Senior Compliance Specialist - Quality Assurance

Compiles and reviews production history records for Finished Products. Ensures all documentation and data are present and complete. Coordinate product release with QA Supervisors, attend Product Release meetings and weekly production meetings for problem solving, scheduling and inventory purposes.
The candidate will be responsible for ensuring that product quality issues are identified as early as possible, and remedied through the corrective and preventive action system.

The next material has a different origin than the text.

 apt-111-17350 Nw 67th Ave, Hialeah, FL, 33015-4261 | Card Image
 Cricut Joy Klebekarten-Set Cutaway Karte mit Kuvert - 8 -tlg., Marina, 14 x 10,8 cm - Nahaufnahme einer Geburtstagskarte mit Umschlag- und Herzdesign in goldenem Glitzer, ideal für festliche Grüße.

Perform tracking and trending activities on final product release on a monthly/quarterly basis.
Coordinate Finished Product review against Regulatory filings and CMC controls.
Ensure that the CAPA handling process of products is monitored, reported, and improved through involvement with site management, product changes, management review, and corrective and preventive action activity.


Education/Experience Requirements: Bachelor?s Degree (B.S./B.A.) in a scientific discipline, along with 5-6 years industry experience in a compliance or regulatory related function (in the pharmaceutical or medical device industry).Knowledge of regulations and standards affecting Pharmaceuticals and Biologics and prior experience in GMP/GLP standards and guidance documents are desired. Strong technical background in regulated products, whether through Quality or Technical Product knowledge.Good project management skills are required and a working knowledge of statistical techniques. Incumbent needs to possess good presentation skills, excellent written and verbal skills.